Problem details ::
Nothing but the lines below from the one that contains "Weibliche Gläubige beten" through the one that contains "25718LF Смеситель для" should be retyped, exactly and including both ends. Do not include pictures.

Information ::
◆ ◆ ◆

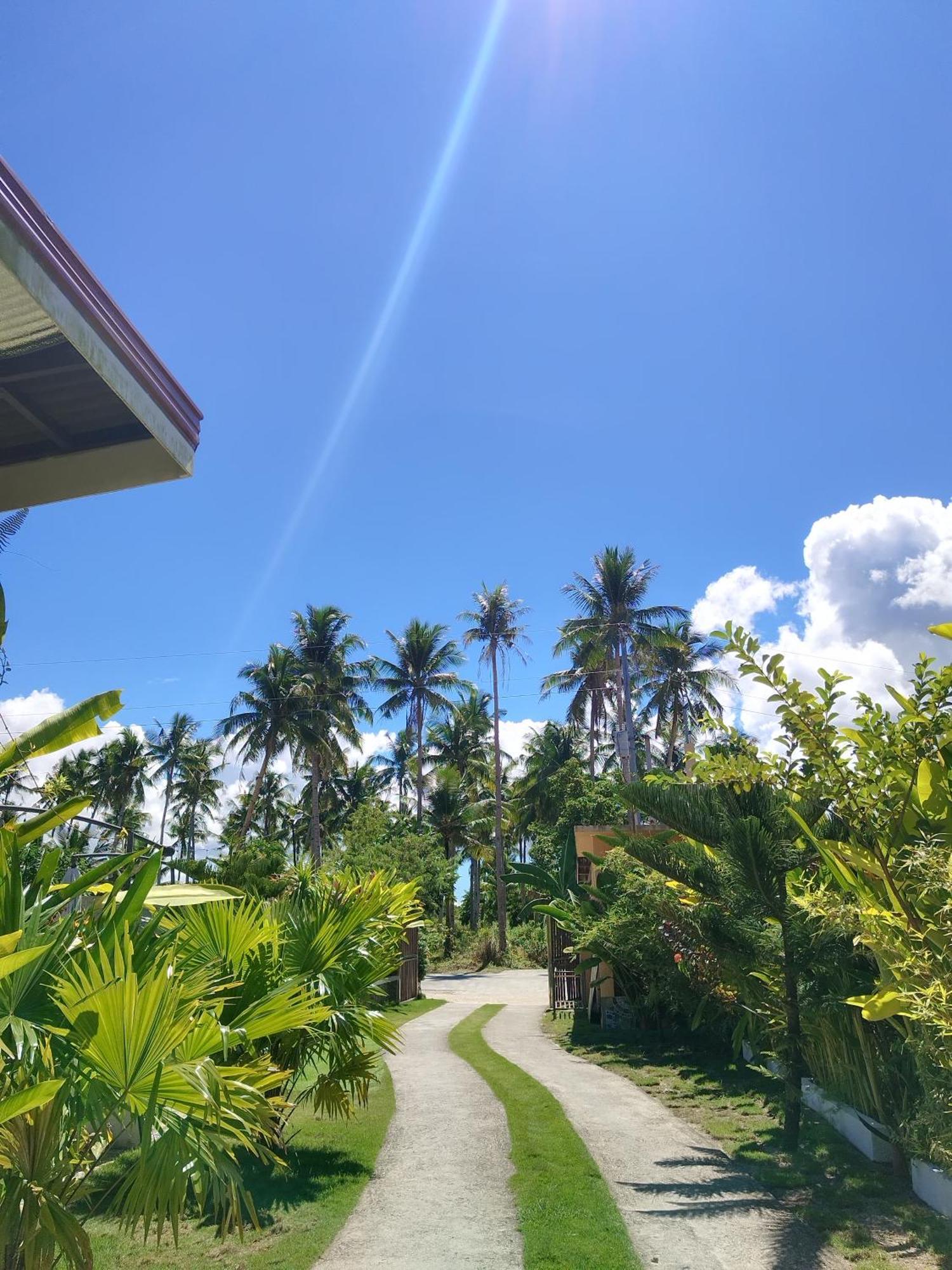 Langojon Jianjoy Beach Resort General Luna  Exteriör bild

◆ ◆ ◆

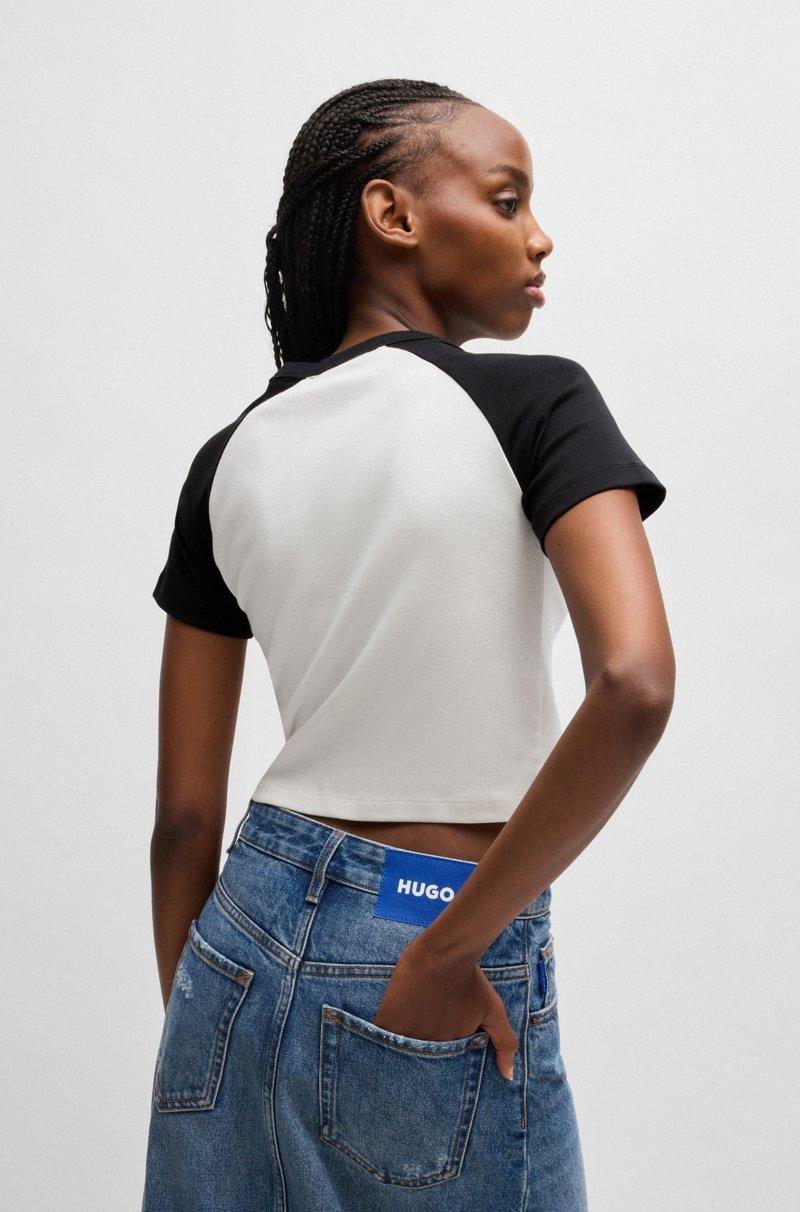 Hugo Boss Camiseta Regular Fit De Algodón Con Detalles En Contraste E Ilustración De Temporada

◆ ◆ ◆

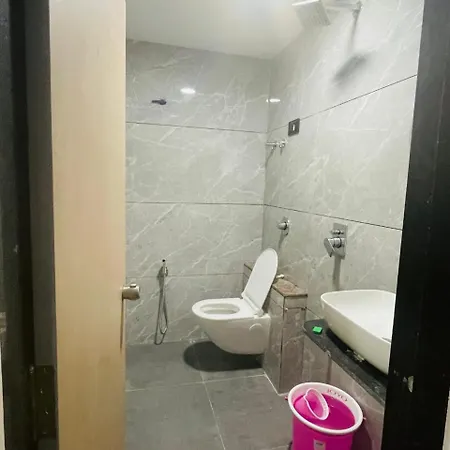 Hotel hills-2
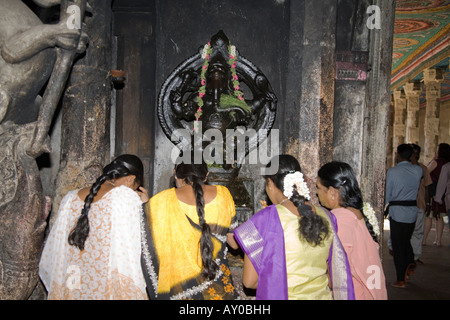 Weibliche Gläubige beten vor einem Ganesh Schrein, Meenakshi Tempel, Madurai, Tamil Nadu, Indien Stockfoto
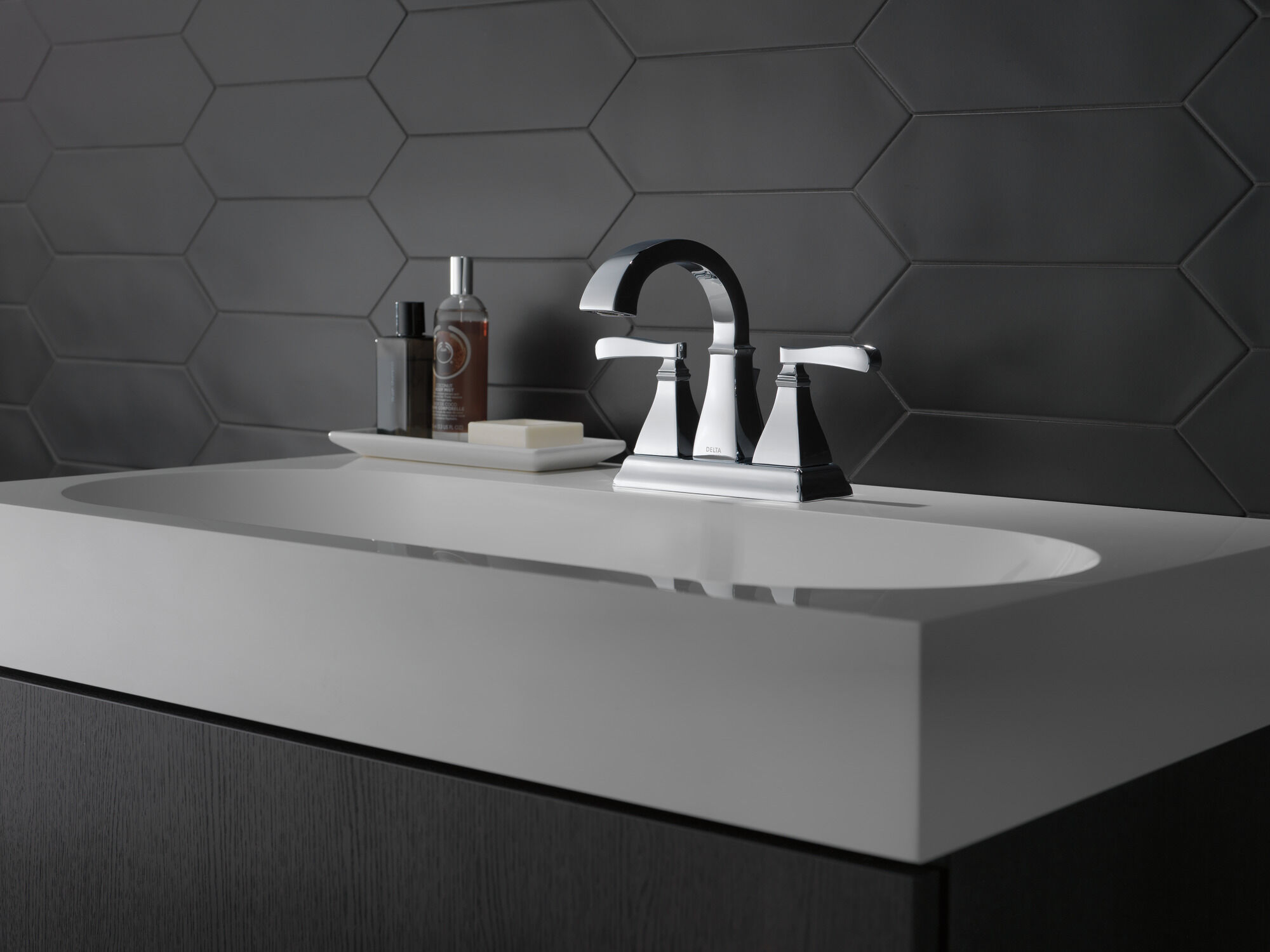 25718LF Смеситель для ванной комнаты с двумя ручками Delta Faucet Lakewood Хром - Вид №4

◆ ◆ ◆

Reply to the task ::
 Weibliche Gläubige beten vor einem Ganesh Schrein, Meenakshi Tempel, Madurai, Tamil Nadu, Indien Stockfoto
 25718LF Смеситель для ванной комнаты с двумя ручками Delta Faucet Lakewood Хром - Вид №4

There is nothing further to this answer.